Since there are so many normal grass blades, a some of them will be more bent than usual or more yellow than usual. If both of this happens at the same time, they may pass your selection criteria, even though they are of the known ordinary type of grass.
- How accurate is the above estimate?
The number of collected (“measured”) grass blades can — just by chance — differ from the expected number. The former follows a Poissson distribution around the latter, so this statistical uncertainty is fairly easy to calculate. However, since you go to the edge of knowledge, your calculations of how much ordinary grass could pass the selection may not be very reliable (“systematic uncertainty”). In practice, the accuracy of the estimate is checked with data in “control regions” and “validation regions”: If you select only straight grass blades, you don’t expect any of the new type there, so you can test whether you predict the colour of ordinary grass correctly.
- Is the number of grass blades in the bag significantly different from the expectation?
In other words, the chance of observing this amount of grass blades in the case that the new, curved and yellow ones don’t exist — which could happen by pure chance — should be below some threshold. “Two sigma”, or a chance of one in twenty is a common choice. However, many searches for BSM physics are performed each year and this criterion would lead to several false claims of discovery per year. Therefore, particle physics has agreed on “five sigma”, or a chance of being a random fluctuation of one in 3.5 million, as the significance to claim a discovery.

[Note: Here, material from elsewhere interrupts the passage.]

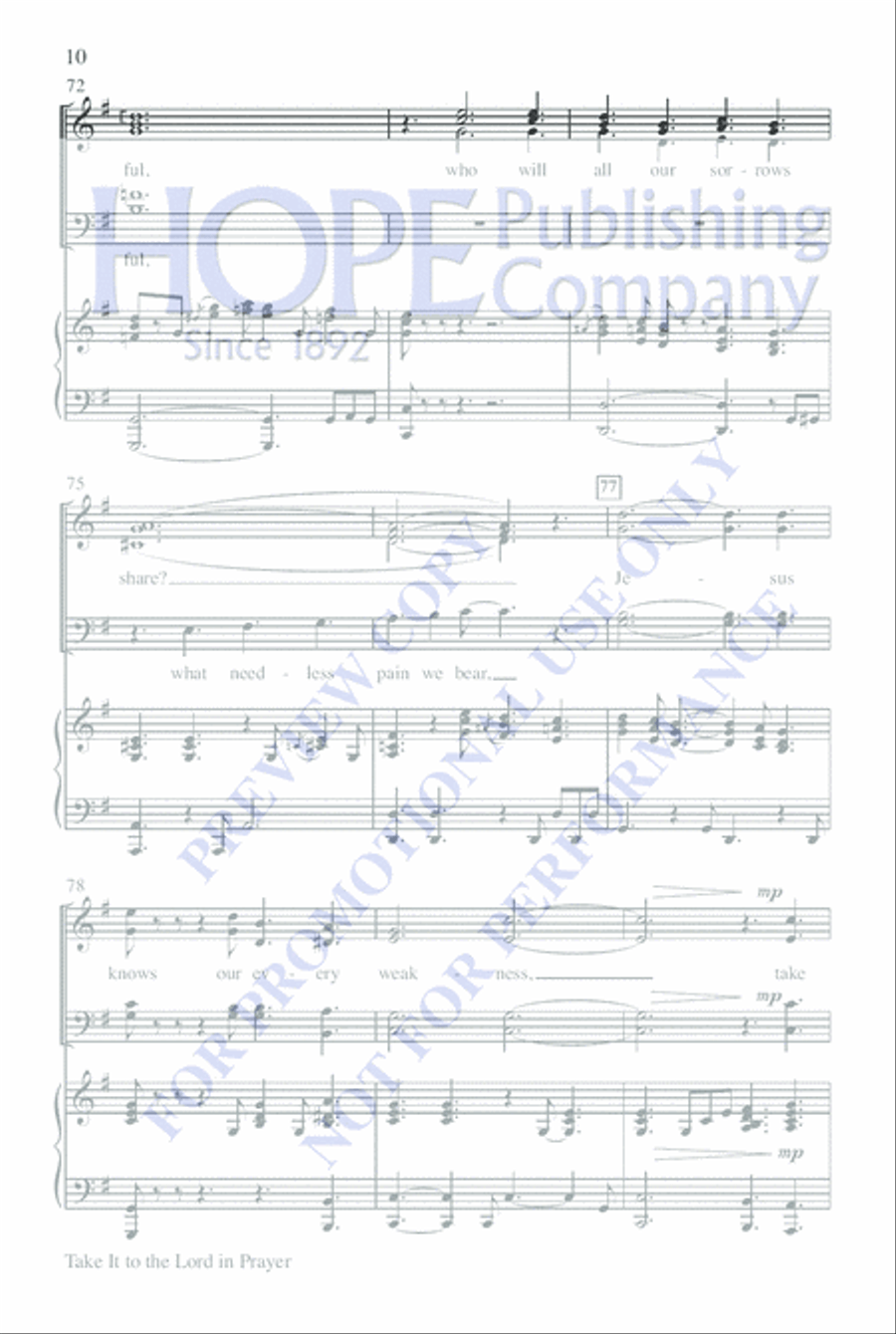 Take It to the Lord In Prayer 4-Part scores gallery preview page 10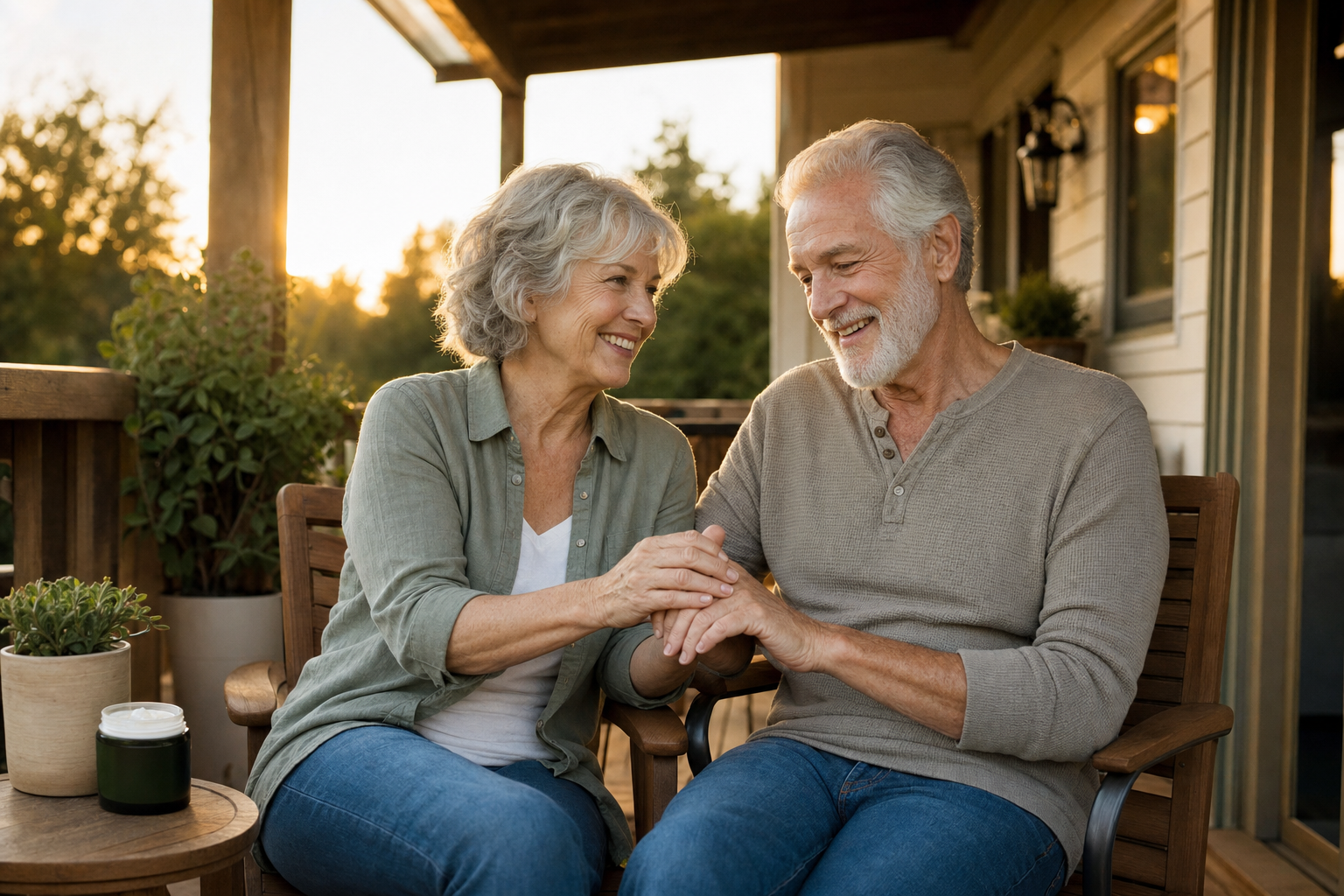 Seniors using CBD cream for joint pain and sharing a moment together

So you have finally finished analysing the data and evaluating the results. Most likely, you will not discover anything new, be it grass blades or particles. However, all this work was not in vain. You can still use the fact that you didn’t observe anything new to draw conclusions about the yellow, curved grass — the “exclusion limits.” Or, in simple words: The new grass has to be more curved than this, otherwise we would have seen it.
In a real search for physics Beyond the Standard Model, things are of course a lot more complicated. One needs more than just two variables, some of them are not directly measured, but calculated from measured variables. But the largest challenge is to get the background estimate correct. Since we are probing the edge of our knowledge, the simulations may not be accurate anymore and have to be validated in data. Choosing control regions in such a way that they are very similar to the signal regions (so that one can easily draw conclusions), but are influenced only very little by BSM physics is not trivial. For some backgrounds, we already know that simulations are not reliable. One can come up with ways to estimate these from data, but this is also difficult to do correctly.
But then, if it was easy, it would have been done already.